# [Exercise brief]
Exact copies of the records below are needed, free of pictures.

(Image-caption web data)
-------------------------

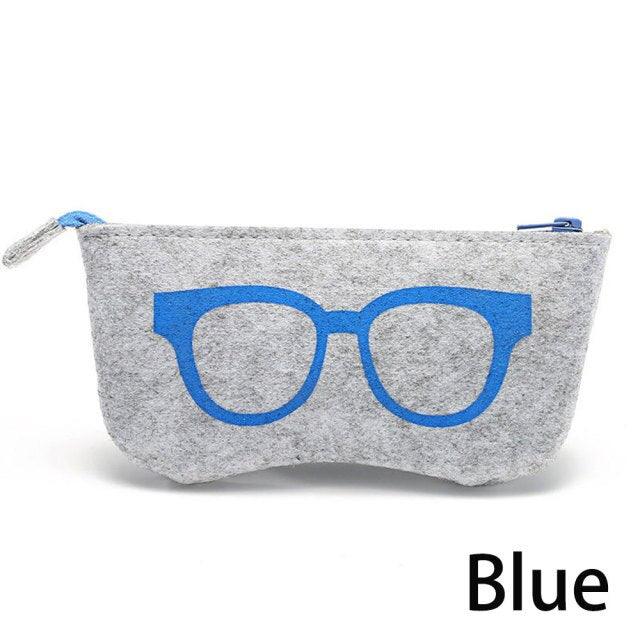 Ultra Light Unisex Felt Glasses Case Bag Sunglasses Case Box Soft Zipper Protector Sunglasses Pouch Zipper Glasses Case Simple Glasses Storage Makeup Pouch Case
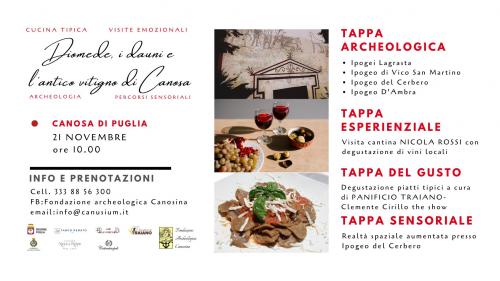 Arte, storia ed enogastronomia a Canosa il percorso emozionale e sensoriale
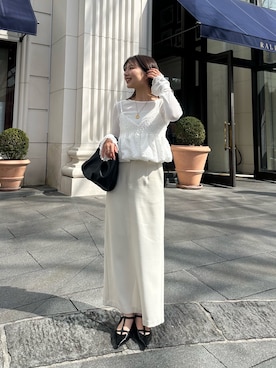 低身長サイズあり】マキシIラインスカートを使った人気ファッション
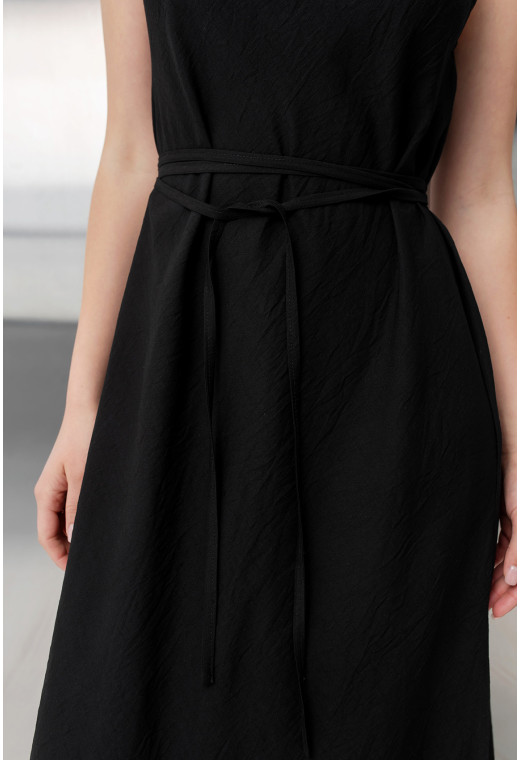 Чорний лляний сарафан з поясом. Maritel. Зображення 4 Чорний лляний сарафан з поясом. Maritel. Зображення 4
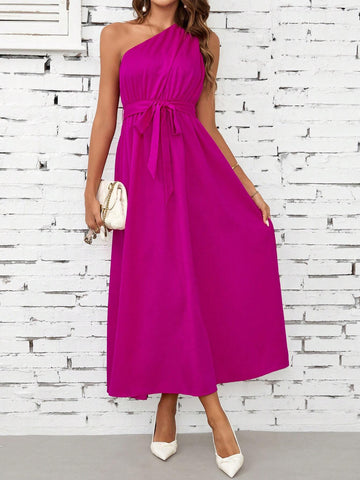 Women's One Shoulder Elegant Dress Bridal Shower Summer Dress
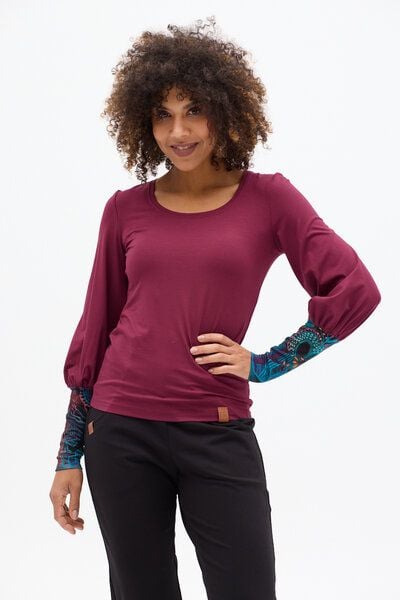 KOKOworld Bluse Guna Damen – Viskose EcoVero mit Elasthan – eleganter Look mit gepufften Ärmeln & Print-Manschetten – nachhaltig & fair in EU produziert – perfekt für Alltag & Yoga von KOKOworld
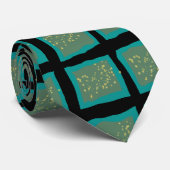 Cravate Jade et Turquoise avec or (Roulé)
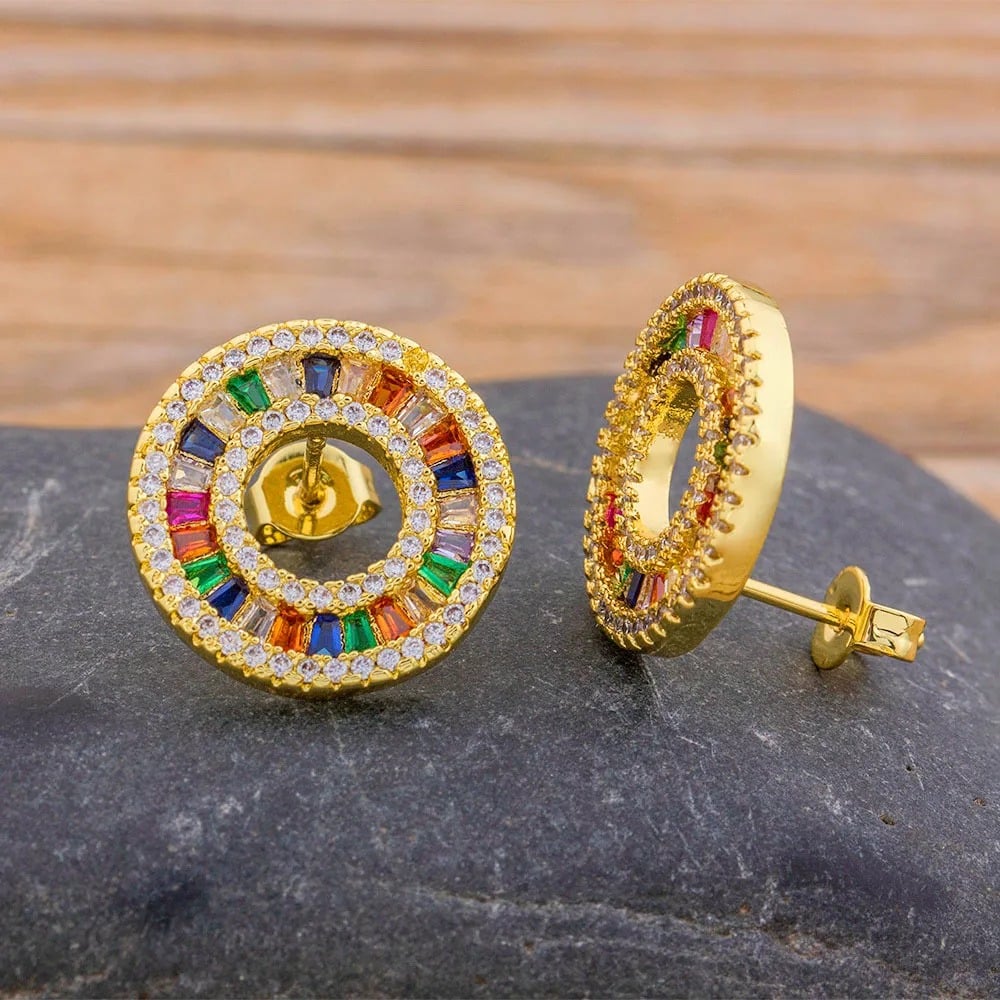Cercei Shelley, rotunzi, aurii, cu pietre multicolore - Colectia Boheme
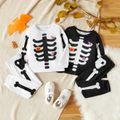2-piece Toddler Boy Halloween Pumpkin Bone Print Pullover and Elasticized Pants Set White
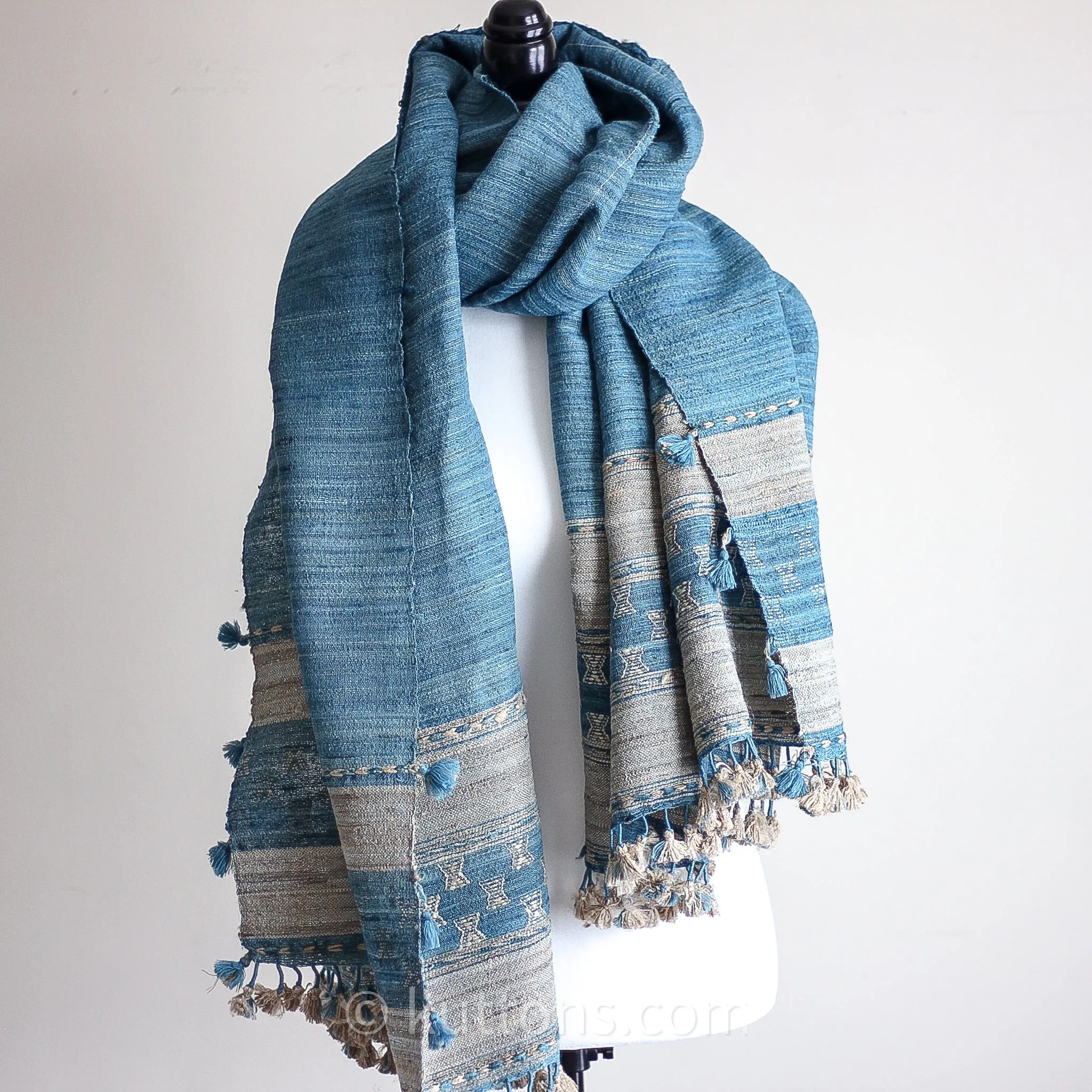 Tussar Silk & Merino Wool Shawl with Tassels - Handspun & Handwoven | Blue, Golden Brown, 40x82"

-------------------------

# [Solution for this task]
 Ultra Light Unisex Felt Glasses Case Bag Sunglasses Case Box Soft Zipper Protector Sunglasses Pouch Zipper Glasses Case Simple Glasses Storage Makeup Pouch Case
 Arte, storia ed enogastronomia a Canosa il percorso emozionale e sensoriale
 低身長サイズあり】マキシIラインスカートを使った人気ファッション
 Чорний лляний сарафан з поясом. Maritel. Зображення 4 Чорний лляний сарафан з поясом. Maritel. Зображення 4
 Women's One Shoulder Elegant Dress Bridal Shower Summer Dress
 KOKOworld Bluse Guna Damen – Viskose EcoVero mit Elasthan – eleganter Look mit gepufften Ärmeln & Print-Manschetten – nachhaltig & fair in EU produziert – perfekt für Alltag & Yoga von KOKOworld
 Cravate Jade et Turquoise avec or (Roulé)
Cercei Shelley, rotunzi, aurii, cu pietre multicolore - Colectia Boheme
2-piece Toddler Boy Halloween Pumpkin Bone Print Pullover and Elasticized Pants Set White
 Tussar Silk & Merino Wool Shawl with Tassels - Handspun & Handwoven | Blue, Golden Brown, 40x82"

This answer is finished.